◆ Problem to work on
Print the data once more, exactly as given. Drop the pictures.

◆ Records to process
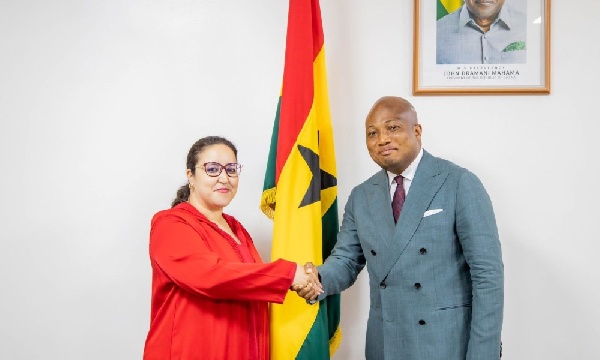 Ablakwa revealed that he held discussions with the Moroccan Ambassador to Ghana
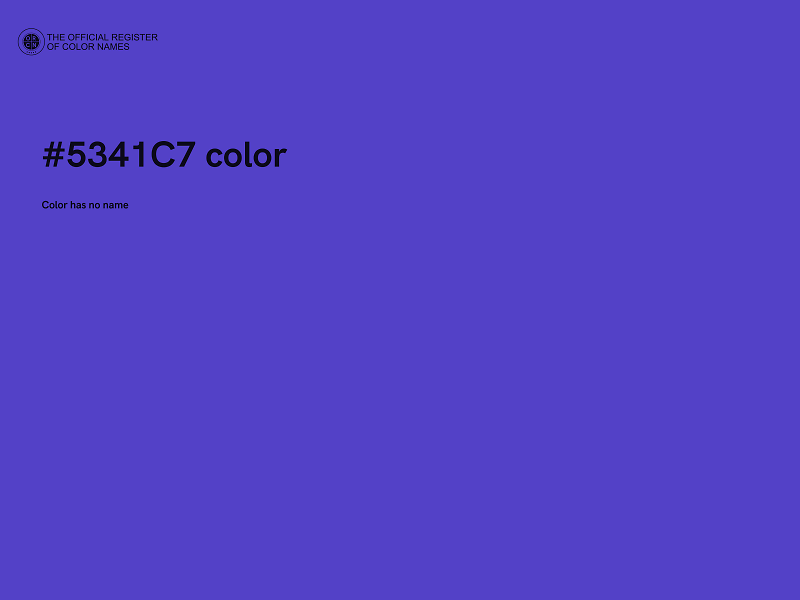 #5341C7 color image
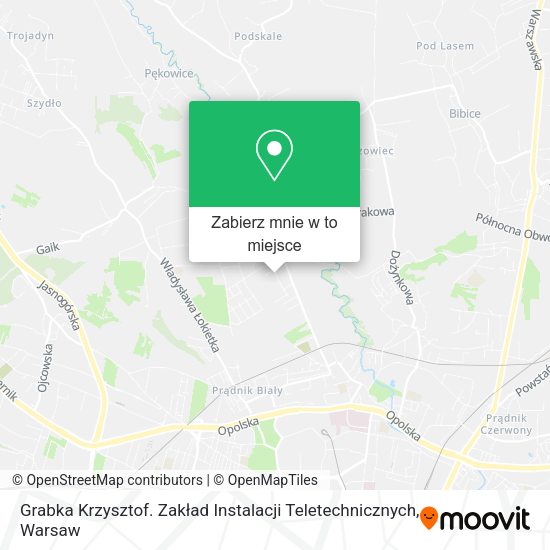 Mapa Grabka Krzysztof. Zakład Instalacji Teletechnicznych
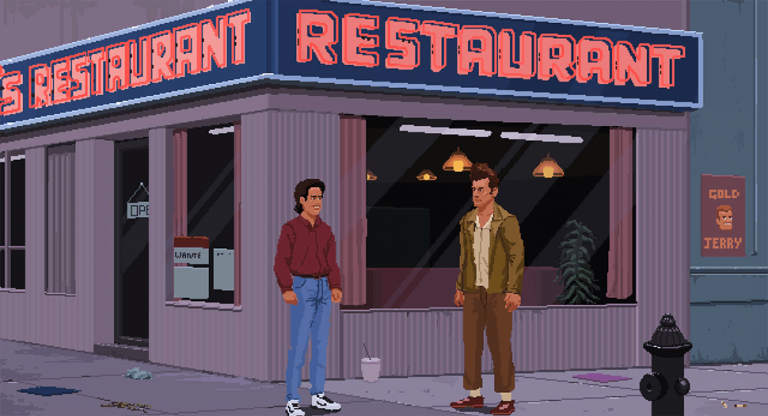 A screenshot of Jacob Janerka's 'Seinfeld' video game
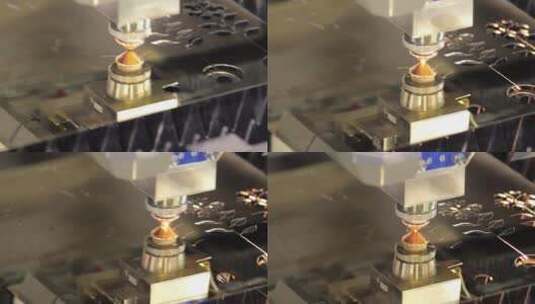 金属数控激光切割现代工业技术高清在线视频素材下载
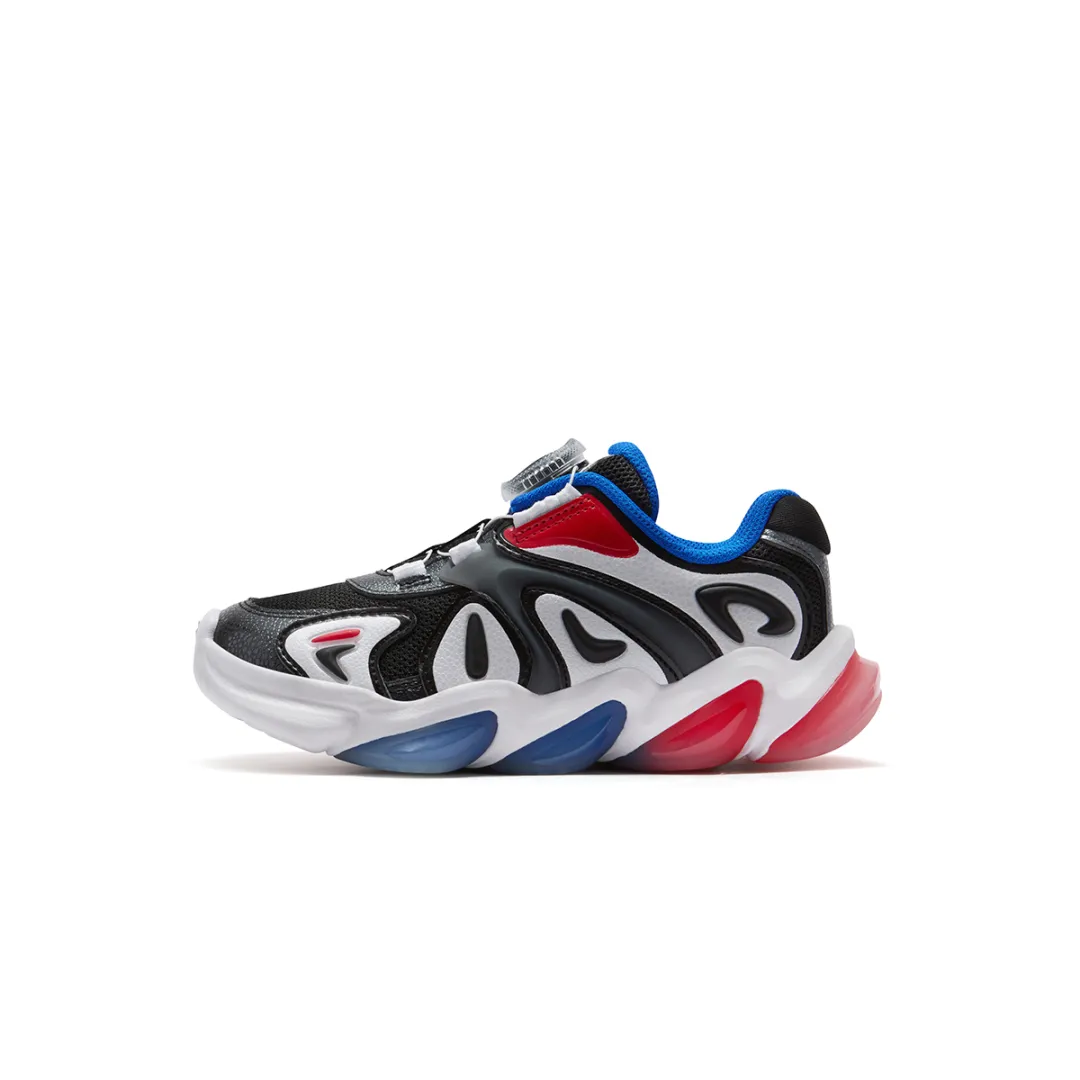 FILA KIDS Heritage FHT Synthetic Leather, Textile Abrasion Resistant Lightweight Cushioning Low top Training Shoes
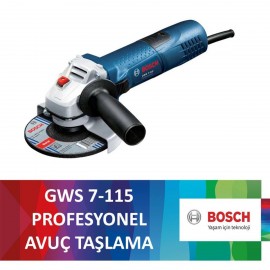 Bosch Gws 7-115 Profesyonel Avuç Taşlama 720 Watt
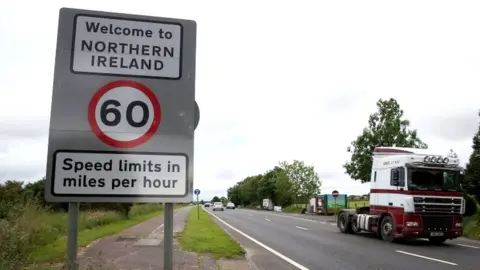 PA Border between Northern Ireland and Republic of Ireland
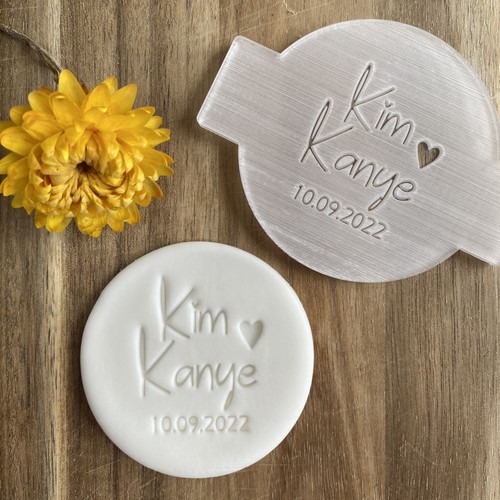 Wedding name date fondant - wedding,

◆ Result of the exercise
 Ablakwa revealed that he held discussions with the Moroccan Ambassador to Ghana
 #5341C7 color image
 Mapa Grabka Krzysztof. Zakład Instalacji Teletechnicznych
 A screenshot of Jacob Janerka's 'Seinfeld' video game
 金属数控激光切割现代工业技术高清在线视频素材下载
 FILA KIDS Heritage FHT Synthetic Leather, Textile Abrasion Resistant Lightweight Cushioning Low top Training Shoes
 Bosch Gws 7-115 Profesyonel Avuç Taşlama 720 Watt
 PA Border between Northern Ireland and Republic of Ireland
 Wedding name date fondant - wedding,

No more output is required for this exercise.